In words that gripped listeners, he told them: “For years I suffered silently. I was told to shut up and be quiet; you don’t know what you’re talking about.”

This kind of financial exploitation of older people, I reported, is the most common form of elder abuse. All kinds of abuse are reprehensible, of course, but this this one has its own nasty aspects.

Fortunately, the Obama administration last summer established a new office to help those subjected to financial abuse. It acts to help not only people who suffer loss at the hands of family members, but those subjected to other kinds of exploitation as well.

The new office is the first ever to take as its main concern the financial well-being of elders. I like to think it will prove an important tool for those older people who cannot protect themselves.

The Office of Financial Protection for Older Americans, as it is called, was made possible by passage of the Dodd-Frank Wall Street Reform and Consumer Protection Act of 2010.

You may remember the struggle led by Elizabeth Warren, now the leading Democratic candidate for Senator from Massachusetts, to establish the Consumer Finanncial Protection Bureau. This new elder protection office has sprung from the larger agency she first created.

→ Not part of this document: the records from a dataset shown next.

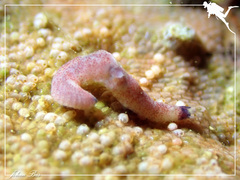 Phyllodocidae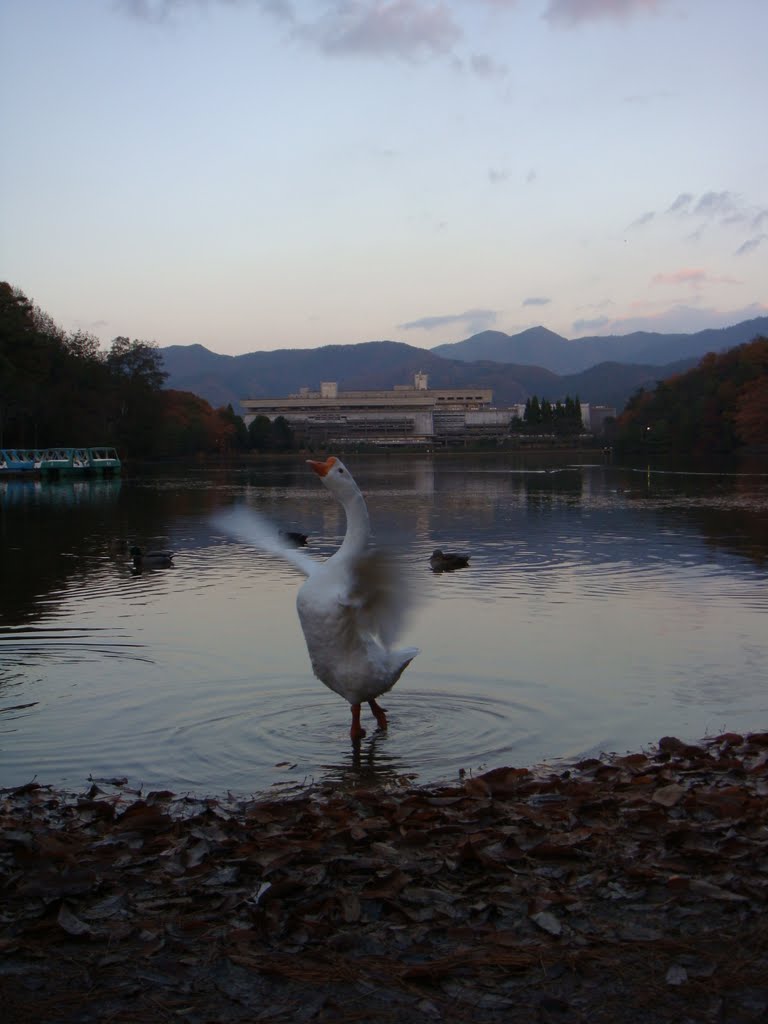 Takaragaike by katsuhisa.katu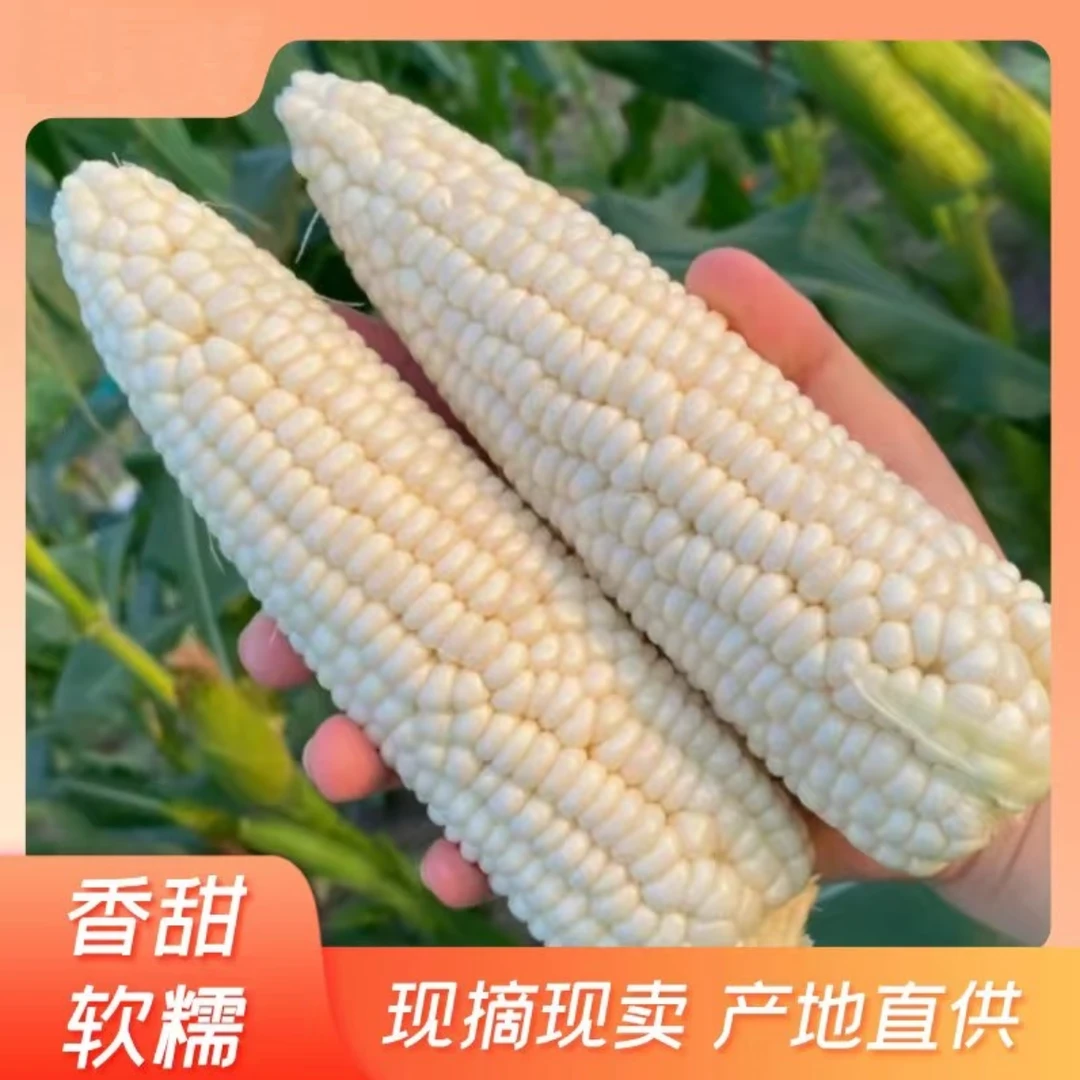 北京北郎中甄选 | 北京农科院336甜糯玉米 6-7斤北京市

The elder protection office can already boast a certain political pedigree. Its director is Hubert Humphrey III, known as Skip, the son of the former Vice-President.

You can admire the fast start made by the elders’ agency last summer. (Much better a start than the Red Sox had this season and last.) In the space of three months, it took care of some five thousand complaints about credit card problems.

This new Office for Older Americans will try to raise public awareness of this abuse problem and bring agencies together to combat it. It will also fight financial exploitation by businesses that prey on older people to make money.

People with credit card and mortgage problems (among others) may call an agency hotline. This service expects to expand and take in other problems such as unfair auto loans.

The hotline number is (855) 411-CFPB (2372). One can also report online at consumerfinance.gov. (On tapping into the latter site I discovered that the agency serves not just older people but others as well — students with loan problems, for example.)

The agency also provides another simple way to access information: the computer address ASK CFPB. I found it a ready source of answers on a wide range of topics.

Here are some of the areas of concern listed by the Office for Older Americans:

* Protection against abuse by agents under power of attorney, court-appointed guardians and other fiduciaries.

* Education about the realities and risks of joint bank accounts and other savings vehicles.

* Protections for those who are reverse mortgage borrowers.

* Specific issues for people living alone, especially older women with less financial experience.

* Increased financial exploitation of people living in residential care facilities.

I owe the above information to Naomi Karp who serves as a policy advisor for the new agency. Writing for a publication of the American Society on Aging, she outlines expectations for governmental action that can only be welcomed by elders and the community at large.